Notre rôle dépasse largement l’apprentissage de gestes techniques. L’accompagnement, l’écoute, le respect de chacun et la remise en question permanente de notre posture font partie intégrante de nos valeurs fondamentales en tant que formateurs.
L’exposition des 30 ans illustre six facettes de l’horlogerie. Quelles sont ces facettes ?
Les thèmes sont :
• La formation et l’apprentissage
• Le travail en fabrique
• Le travail à domicile
• Le poste de travail
• Les sous-traitants
• Les marques de Tramelan
Les quatre premiers thèmes ont été choisis pour leur rapport à la formation. Si nous formons, c’est évidemment pour les entreprises horlogères. Nos participants, en apprenant les gestes de base du métier, peuvent en peu de temps intégrer ces entreprises et être rapidement productifs. Nous les formons sur des techniques essentiellement manuelles, la base du métier, mais aussi sur des techniques qu’ils retrouveront en entreprise, comme le travail sous binoculaire, à l’aide d’huileurs automatiques et de tournevis électriques.
Le travail à domicile était le mode de travail dominant au début de l’industrie horlogère, et bien que marginal à notre époque, il nous semblait important d’en parler.
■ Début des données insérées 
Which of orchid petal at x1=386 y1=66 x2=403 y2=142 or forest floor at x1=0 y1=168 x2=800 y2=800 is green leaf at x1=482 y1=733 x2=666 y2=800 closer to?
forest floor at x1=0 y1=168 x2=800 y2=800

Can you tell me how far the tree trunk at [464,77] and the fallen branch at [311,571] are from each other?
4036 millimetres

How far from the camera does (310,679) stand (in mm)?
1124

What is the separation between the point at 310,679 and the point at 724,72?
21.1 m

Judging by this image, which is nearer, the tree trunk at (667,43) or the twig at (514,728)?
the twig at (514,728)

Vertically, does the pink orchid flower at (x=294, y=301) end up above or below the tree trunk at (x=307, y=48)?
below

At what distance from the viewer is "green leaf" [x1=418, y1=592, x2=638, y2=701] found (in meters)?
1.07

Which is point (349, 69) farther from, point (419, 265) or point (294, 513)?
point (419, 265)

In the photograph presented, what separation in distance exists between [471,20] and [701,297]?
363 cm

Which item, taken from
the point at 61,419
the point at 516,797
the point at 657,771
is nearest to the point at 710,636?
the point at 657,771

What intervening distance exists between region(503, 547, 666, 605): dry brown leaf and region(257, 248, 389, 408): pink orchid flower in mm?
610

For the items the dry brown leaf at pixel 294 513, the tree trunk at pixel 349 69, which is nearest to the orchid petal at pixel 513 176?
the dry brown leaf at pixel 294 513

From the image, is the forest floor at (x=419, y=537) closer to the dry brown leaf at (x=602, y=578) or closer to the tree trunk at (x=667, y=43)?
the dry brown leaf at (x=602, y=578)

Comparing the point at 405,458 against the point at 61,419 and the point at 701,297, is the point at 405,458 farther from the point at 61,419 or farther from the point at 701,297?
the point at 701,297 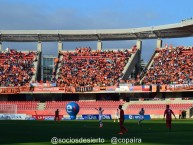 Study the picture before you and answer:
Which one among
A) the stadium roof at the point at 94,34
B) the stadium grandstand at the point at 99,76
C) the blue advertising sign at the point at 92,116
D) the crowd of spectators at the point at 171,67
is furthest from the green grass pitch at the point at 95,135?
the stadium roof at the point at 94,34

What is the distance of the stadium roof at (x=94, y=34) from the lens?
9754 cm

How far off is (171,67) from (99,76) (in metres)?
13.4

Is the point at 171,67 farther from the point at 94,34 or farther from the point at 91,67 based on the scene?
the point at 94,34

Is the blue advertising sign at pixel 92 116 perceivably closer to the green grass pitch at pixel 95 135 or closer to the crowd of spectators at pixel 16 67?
the crowd of spectators at pixel 16 67

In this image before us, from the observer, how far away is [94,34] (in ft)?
340

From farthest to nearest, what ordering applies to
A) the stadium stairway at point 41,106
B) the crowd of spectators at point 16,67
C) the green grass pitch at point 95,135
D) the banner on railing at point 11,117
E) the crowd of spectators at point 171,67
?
the crowd of spectators at point 16,67 → the stadium stairway at point 41,106 → the crowd of spectators at point 171,67 → the banner on railing at point 11,117 → the green grass pitch at point 95,135

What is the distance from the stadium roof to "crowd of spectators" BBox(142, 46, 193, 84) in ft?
10.3

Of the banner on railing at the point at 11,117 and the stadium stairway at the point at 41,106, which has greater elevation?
the stadium stairway at the point at 41,106

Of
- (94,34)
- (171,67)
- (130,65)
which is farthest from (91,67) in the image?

Nous avons le témoignage d’une ancienne participante à nos cours qui travaille aujourd’hui à domicile sur des opérations de réglage. Elle y trouve un équilibre entre sa vie professionnelle et sa vie familiale avec des enfants en bas âge.
Le poste de travail a énormément évolué ces dernières décennies. Il s’agit désormais de mettre l’ouvrier dans les meilleures conditions possibles afin de diminuer au minimum l’absentéisme dû aux mauvaises conditions de travail. L’ergonomie prend en compte tout un environnement : de l’établi à la chaise, en passant par les accoudoirs, la lumière directe et indirecte, l’air ambiant et le niveau sonore d’une pièce. Richard Vaucher, fondateur de VOH, nous explique l’évolution du poste de travail en 30 ans. Il avait d’ailleurs reçu, comme premier mandat, celui de monter un atelier d’horlogerie pour le début de nos activités de formation au CIP.
Le thème des sous-traitants est abordé au travers de la famille Voumard de Tramelan, qui dirige les deux entreprises principales du village, EMP SA et Precirame Machines SA. Comme l’expliquent Géraldine Ryser-Voumard, directrice d’EMP SA, et son père Martial Voumard, fondateur de l’entreprise Precitrame SA au milieu des années 80 (entreprise qui a été scindée en deux entités en 2001), la famille et les entreprises s’identifient très fortement à la commune, en y développant leurs activités et en y habitant également.
Enfin, les marques de Tramelan sont un des thèmes essentiels de notre exposition. Le village a connu pas moins de 100 marques de montres au fil de son histoire. Nous avons sollicité l’association Montre-moi Tramelan, qui a pour but de valoriser le patrimoine horloger local, afin de faire découvrir ce riche passé à travers l’exposition d’objets, d’affiches, de documents d’époque et de diverses montres.
L’exposition mêle également témoignages vidéo et objets historiques. Comment ces deux dimensions, humaine et matérielle, se complètent-elles ?
Lors des interviews, nous voulions que le côté spontané et humain soit privilégié. Le but, pour un visiteur, est de pouvoir s’identifier aux témoins, par leur parcours de vie, leur parcours professionnel ou leur expérience de formation au CIP. Le témoignage de nos sous-traitants est, pour moi, remarquable pour comprendre le fonctionnement d’une telle entreprise, la relation de partenaire avec les plus grandes marques horlogères et les relations familiales dans ce milieu industriel particulier.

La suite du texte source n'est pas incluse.